Dictionary of National Biography, 1885-1900/Jones, John (1645-1709)
JONES, JOHN (1645–1709), chancellor of Llandaff, born in 1645, was the son (or perhaps grandson) of Matthew Jones of Pentyrch in Glamorganshire. In 1662 he entered Jesus College, Oxford, of which he was afterwards scholar and fellow; he graduated B.A. 5 April 1666, and proceeded M.A. 11 May 1670, B.C.L. 9 July 1673, and D.C.L. 21 July 1677. He was licensed by the university to practise physic, 13 June 1678, and followed his profession at Windsor. He became a licentiate of the College of Physicians, 22 Dec. 1687. On the death of Sir Richard Lloyd he was made chancellor of the diocese of Llandaff, but was not settled in that office till May 1691, owing to a dispute between him and the bishop, who had bestowed the post on his son, William Beaw. The relations between Jones and the bishop continued strained, and several articles against Jones for misdemeanors were exhibited by the bishop in the court of arches (see letter dated 21 Jan. 1693 in Athenæ Oxon. i. p. cxiv). Jones died 22 Aug. 1709, and was buried near the west door of the cathedral at Llandaff.
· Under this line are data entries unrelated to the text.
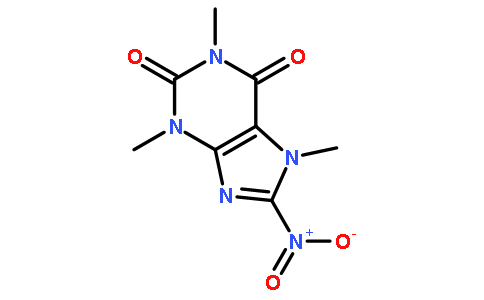 1,3,7-trimethyl-8-nitropurine-2,6-dione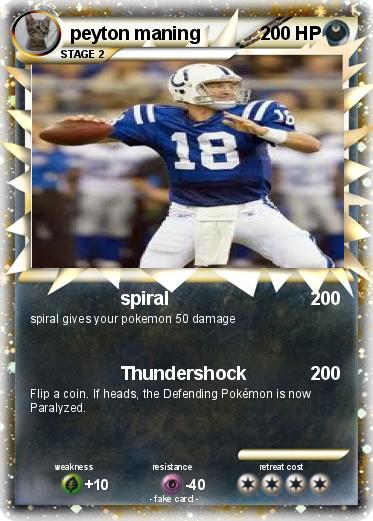 Pokemon peyton maning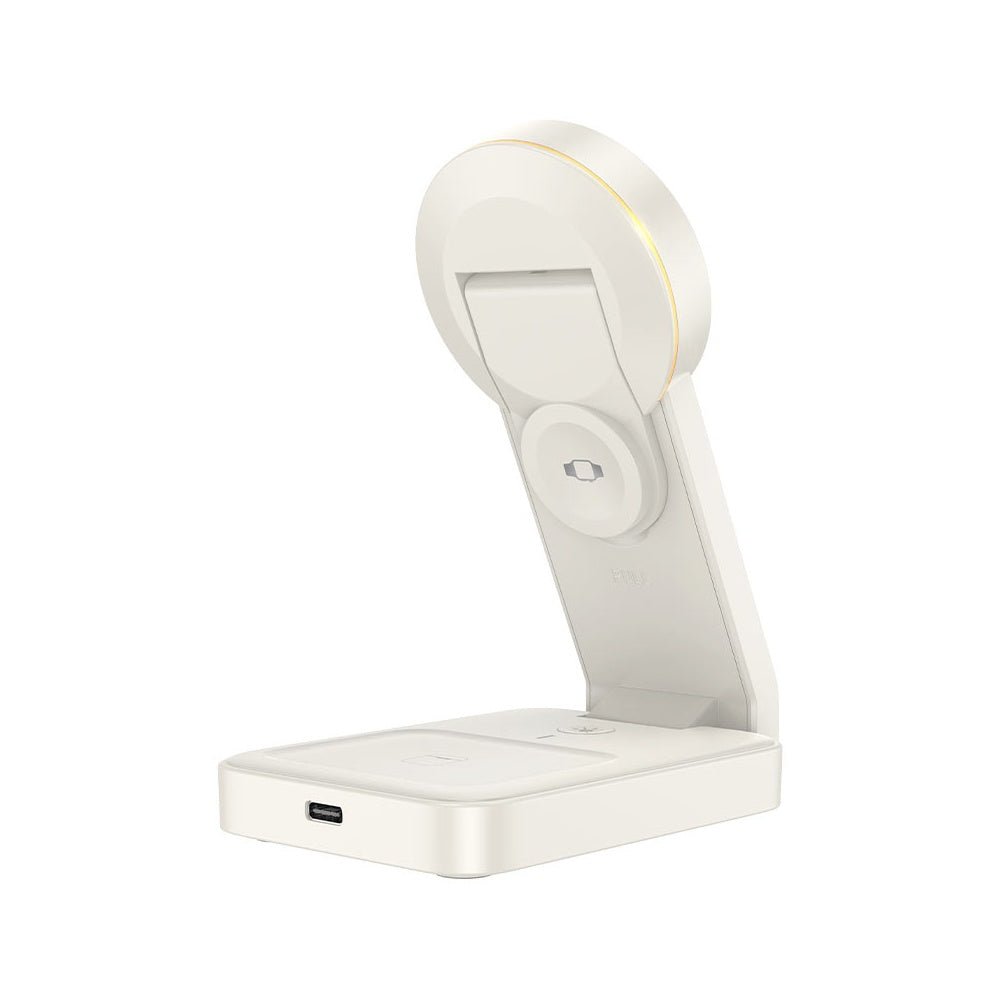 Hoco - Hoco Folding Magnetic Wireless Charger CQ3 - Cle Market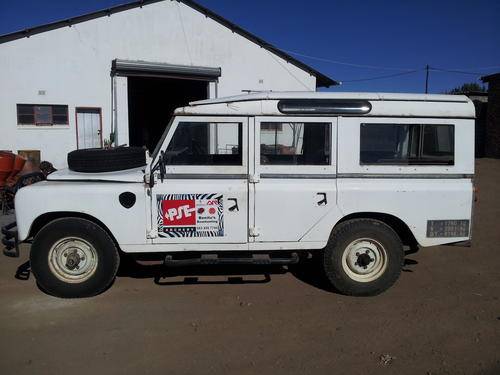 1972 Land Rover Series III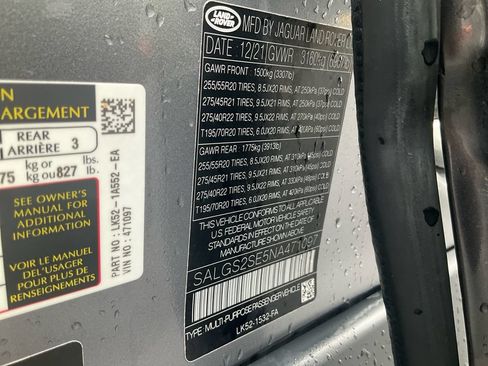 Used 2022 Land Rover Range Rover P525 Westminster Edition AWD/4WD image 18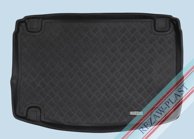 Skålad Bagagerumsmatta Svart Hyundai I30N III Hatchback facelfit 2019->
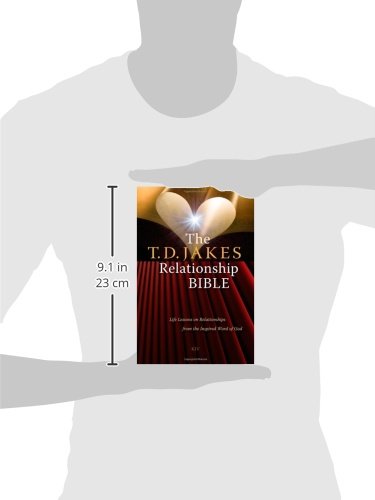 The T.D. Jakes Relationship Bible: Life Lessons on Relationships from the Inspired Word of God,Used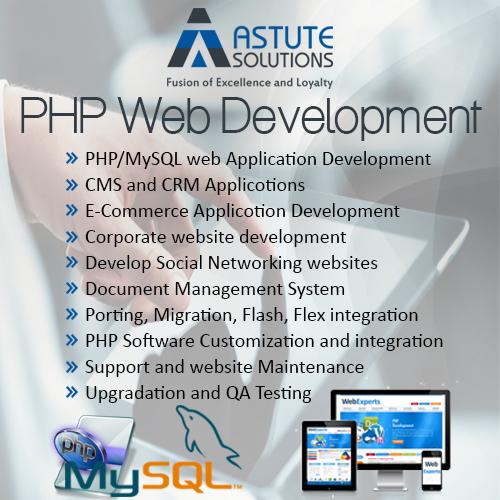 astutesol's tweet image. PHP Web Development.
astutesol.com
#php #webdevelopment  #CRMApplications #EcommerceApplication #QATesting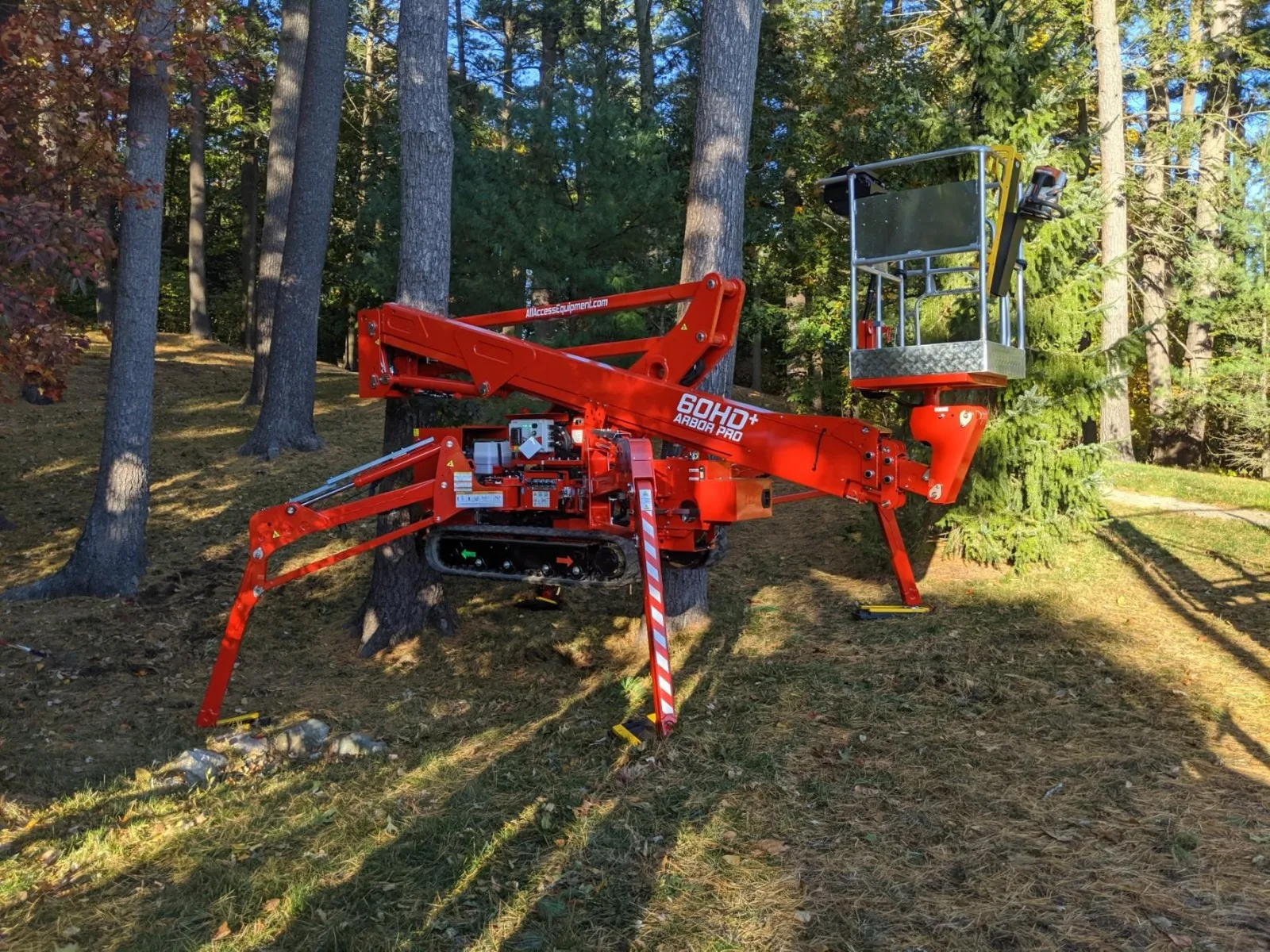 60HD Arbor Pro®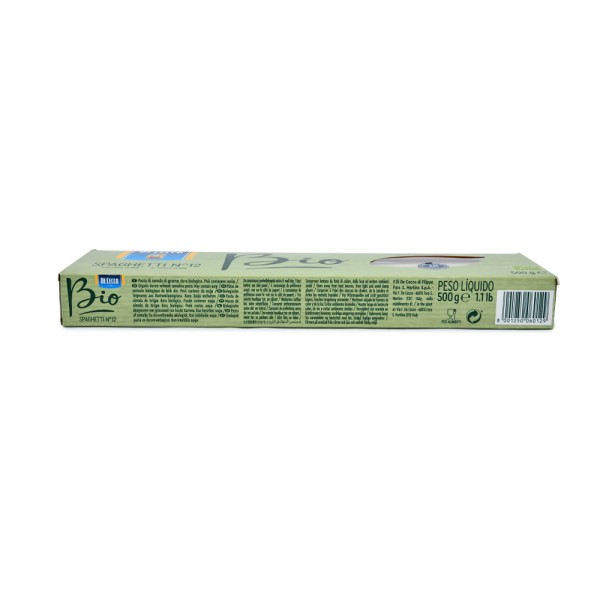 DE CECCO SPAGHETTI BIO ORGANIC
He was the author of a Latin treatise on intermittent fevers, 'De febribus intermittentibus,' &c., London, 1683, 8vo; 2nd ed. the Hague, 1684, 8vo. A work on the same subject by Francis Pieus (Geneva, 1689, 4to) was largely based upon Jones's essay. Another work of his, described by Munk as an extraordinary and perfectly unintelligible book, containing 371 octavo pages of small print, is entitled ‘The Mysteries of Opium Reveal'd’ (London, 1700, 8vo), of which there was a reissue dated 1701. A religious work in Welsh, called ‘Holl dd'ledswydd Cristion … a gyfieithiwyd gan Rees Lewys’ (Shrewsbury, 1714, 8vo), is said to be a translation by Rees Lewis, a schoolmaster at Llanwonno, Glamorganshire, of a work by Jones probably unpublished. Previous to 1676 Jones had invented an ingenious clock, which is described in detail by Robert Plot in ‘Natural History of Oxfordshire’ (p. 230). It ‘moved by the air equally expressed out of bellows of a cylindrical form falling into folds in its descent, much after the manner of paper lanterns.’
[Bliss's Athenæ Oxon. iv. 722; Clark's Genealogies of Glamorgan, p. 535; Willis's Survey of Llandaff, pp. 4, 100; Rowlands's Welsh Bibliography, s.a. 1714; Munk's Coll. of Phys. i. 438–439.]